I lived with that diagnosis all day. Later that evening I had a biopsy, where they stuck an endoscope down my throat, through my stomach and into my intestines, put a needle into my pancreas and got a few cells from the tumor. I was sedated, but my wife, who was there, told me that when they viewed the cells under a microscope the doctors started crying because it turned out to be a very rare form of pancreatic cancer that is curable with surgery. I had the surgery and I’m fine now.

This was the closest I’ve been to facing death, and I hope its the closest I get for a few more decades. Having lived through it, I can now say this to you with a bit more certainty than when death was a useful but purely intellectual concept:

No one wants to die. Even people who want to go to heaven don’t want to die to get there. And yet death is the destination we all share. No one has ever escaped it. And that is as it should be, because Death is very likely the single best invention of Life. It is Life’s change agent. It clears out the old to make way for the new. Right now the new is you, but someday not too long from now, you will gradually become the old and be cleared away. Sorry to be so dramatic, but it is quite true.

Your time is limited, so don’t waste it living someone else’s life. Don’t be trapped by dogma — which is living with the results of other people’s thinking. Don’t let the noise of others’ opinions drown out your own inner voice. And most important, have the courage to follow your heart and intuition. They somehow already know what you truly want to become. Everything else is secondary.

When I was young, there was an amazing publication called The Whole Earth Catalog, which was one of the bibles of my generation. It was created by a fellow named Stewart Brand not far from here in Menlo Park, and he brought it to life with his poetic touch. This was in the late 1960’s, before personal computers and desktop publishing, so it was all made with typewriters, scissors, and polaroid cameras. It was sort of like Google in paperback form, 35 years before Google came along: it was idealistic, and overflowing with neat tools and great notions.
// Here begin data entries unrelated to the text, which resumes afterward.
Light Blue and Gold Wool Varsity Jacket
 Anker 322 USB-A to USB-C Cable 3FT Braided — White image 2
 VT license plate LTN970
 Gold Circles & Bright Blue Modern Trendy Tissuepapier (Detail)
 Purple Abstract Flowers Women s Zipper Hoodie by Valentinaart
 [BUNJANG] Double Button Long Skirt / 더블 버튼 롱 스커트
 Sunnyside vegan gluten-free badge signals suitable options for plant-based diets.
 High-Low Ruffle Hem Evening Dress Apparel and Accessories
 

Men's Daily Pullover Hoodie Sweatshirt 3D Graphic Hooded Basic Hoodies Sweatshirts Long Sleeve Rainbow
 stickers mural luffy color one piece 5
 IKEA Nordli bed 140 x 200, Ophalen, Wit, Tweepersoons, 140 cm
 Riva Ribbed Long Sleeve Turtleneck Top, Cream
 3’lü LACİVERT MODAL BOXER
Stewart and his team put out several issues of The Whole Earth Catalog, and then when it had run its course, they put out a final issue. It was the mid-1970s, and I was your age. On the back cover of their final issue was a photograph of an early morning country road, the kind you might find yourself hitchhiking on if you were so adventurous. Beneath it were the words: “Stay Hungry. Stay Foolish.” It was their farewell message as they signed off. Stay Hungry. Stay Foolish. And I have always wished that for myself. And now, as you graduate to begin anew, I wish that for you.

Stay Hungry. Stay Foolish.

Thank you all very much.

1 Star2 Stars3 Stars4 Stars5 Stars (3 votes, average: 3.67 out of 5)

Loading ... Loading …

0 Comments

Shopping with online coupons codes: Couponchief.com

Filed under: Useful Stuff — koollog @ 9:04 am

Going shopping with online promo codes.

That the fun part when it comes to shopping online, the cool discounts that once can get on the more elite online shpooing portals.

So i do have a few extra dollars to spend, its shopping time for me.

I guess i could buy a something for my sweetheart.

Budget: 100$ on something to blow here mind..hehehehe ;-)

And wow, i did find my perfect site http://www.bluenile.com, they have a cool “Gift 100$ and under” section where i will find my kill.

So i settled for a 45$ braclet and now to save some extra bucks, i will head over to http://www.couponchief.com for discount deals in their Blue Nile deal section.

This is my fav coupon site and now i get the perfect gift with free shipping and which looks georgeous.